Most states don’t explicitly ban anti-LGBTQ discrimination
The ruling covers a big gap in LGBTQ rights across America: Under federal and most states’ laws, LGBTQ people aren’t explicitly protected from discrimination in the workplace, housing, or public accommodations (such as restaurants, hotels, and other places that serve the public).
Someone can be fired from a job, evicted from a home, or kicked out of a business just because an employer, landlord, or business owner doesn’t approve of the person’s sexual orientation or gender identity.
Similarly, federal and most states’ laws don’t explicitly ban anti-LGBTQ discrimination in schools.
But federal and state laws do ban discrimination based on race, religion, nationality, and sex in the workplace, schools, and other settings. This is what the Civil Rights Act and other federal and state civil rights laws that followed were about.
What activists want to do is expand the existing civil rights protections to also protect LGBTQ people.
Advocates argue federal civil rights laws should already protect LGBTQ people
Civil rights advocates claim, however, that federal law should already shield LGBTQ people from discrimination, because, they say, bans on sex discrimination also ban discrimination based on sexual orientation and gender identity.
According to advocates, discrimination against people based on their sexual orientation or gender identity is fundamentally rooted in prohibited sex-based expectations.

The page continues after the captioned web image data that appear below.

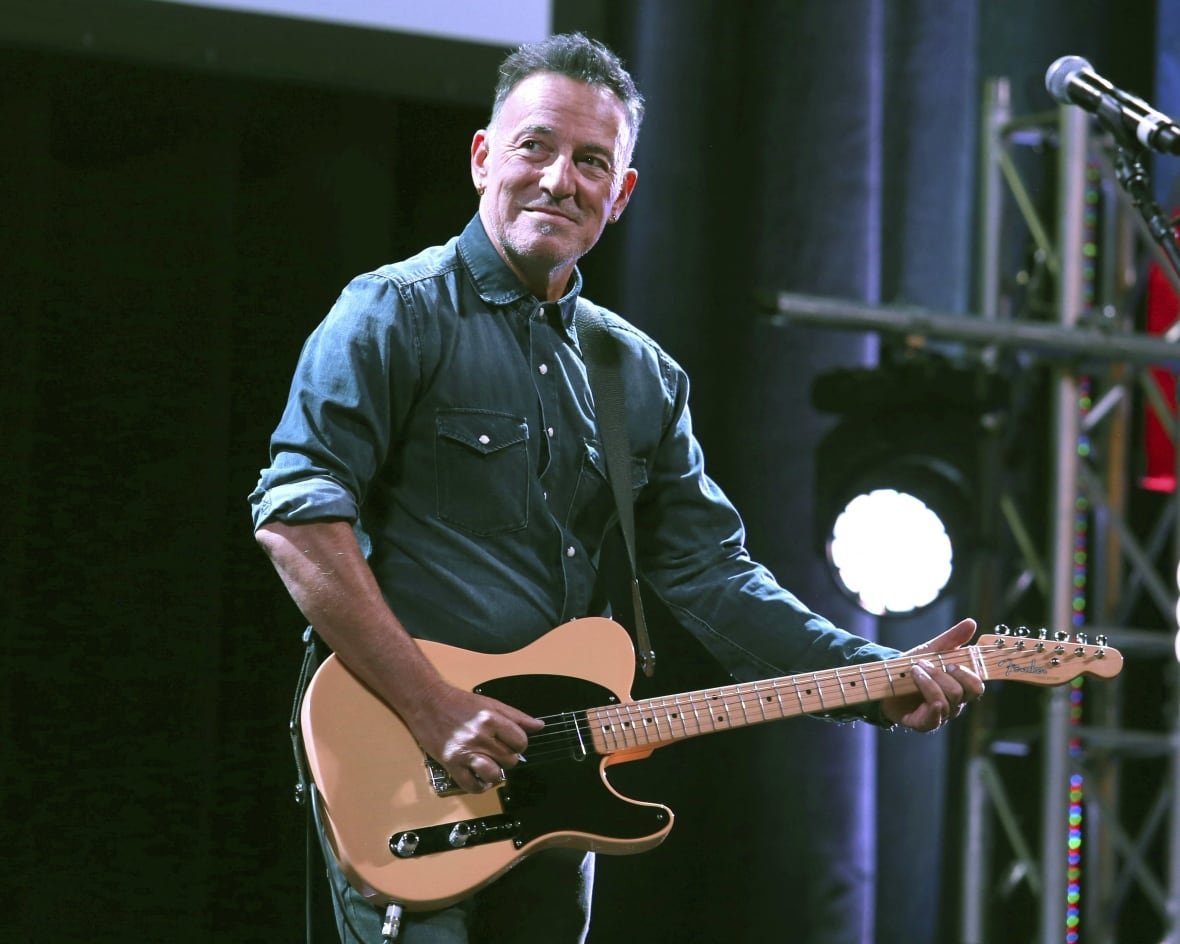 A man holding a guitar on stage looks to his right, smiling.
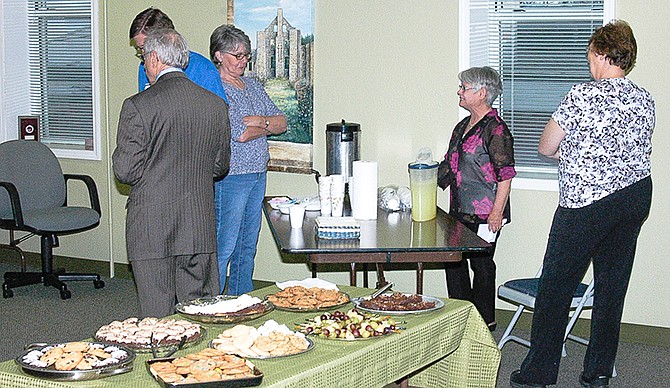 At the open house, library patrons check out Heyssel Hall on the second floor of the library, while enjoying cookies, tea and coffee.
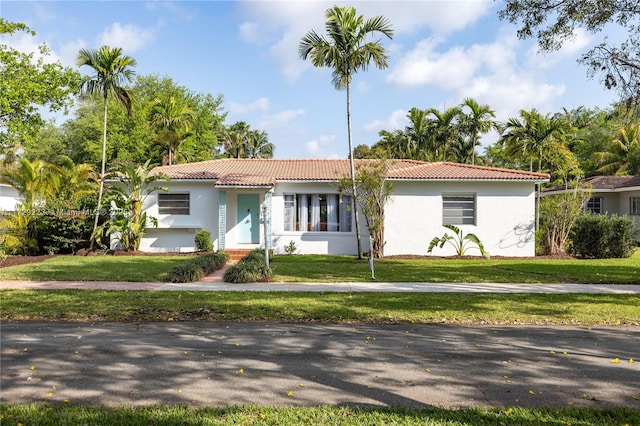 177 NE 109th St, Miami Shores, FL 33161 - view of front of home with a tiled roof, stucco siding, and a front lawn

For example, if someone discriminates against a gay man, that’s largely based on the expectation that a man should only love or have sex with a woman — a belief built on the idea of what a person of a certain sex should be like.
Similarly, if someone discriminates against a trans woman, that’s largely based on the expectation that a person designated male at birth should identify as a man — again, a belief built on the idea of what a person of a certain sex assigned at birth should be like.
On the other side, opponents argue that LGBTQ nondiscrimination protections aren’t included in existing federal civil rights laws, because the authors of federal civil rights laws never believed or intended that bans on sex discrimination also ban discrimination based on sexual orientation and gender identity.
LGBTQ advocates, citing legal precedent, say that what the original laws’ authors believe or intended is irrelevant. Joshua Block, an attorney with the ACLU LGBT and HIV Project, cited a 1998 Supreme Court case, Oncale v. Sundowner Offshore Services Inc., in which the Court unanimously agreed that bans on sex discrimination prohibit same-sex sexual harassment. Same-sex sexual harassment was not something the authors of federal civil rights laws considered, but it’s something, the Supreme Court said, that a plain reading of the law protects.
“Oncale says that’s irrelevant whether [Congress] contemplated it,” Block previously told me. “This is literal sex discrimination. Whether or not that’s what Congress was focused on doesn’t make it any less a type of discrimination covered by the statute.”
On Monday, the Second Circuit Court embraced this interpretation for sexual orientation in the workplace, as several other courts have already done so for gender identity. It may now be up to other federal courts, particularly the Supreme Court, to affirm or reject the decision.
Even if courts eventually conclude that statutory bans on sex discrimination do prohibit discrimination based on sexual orientation and gender identity, under federal law that would only create explicit protections in the workplace, housing, and schools — but not public accommodations. That’s because federal civil rights laws don’t ban sex discrimination in public accommodations. That leaves a hole in nondiscrimination laws to be settled even if courts ultimately come down in favor of LGBTQ rights.
Still, for now, the Second Circuit Court’s ruling gives LGBTQ advocates a major victory.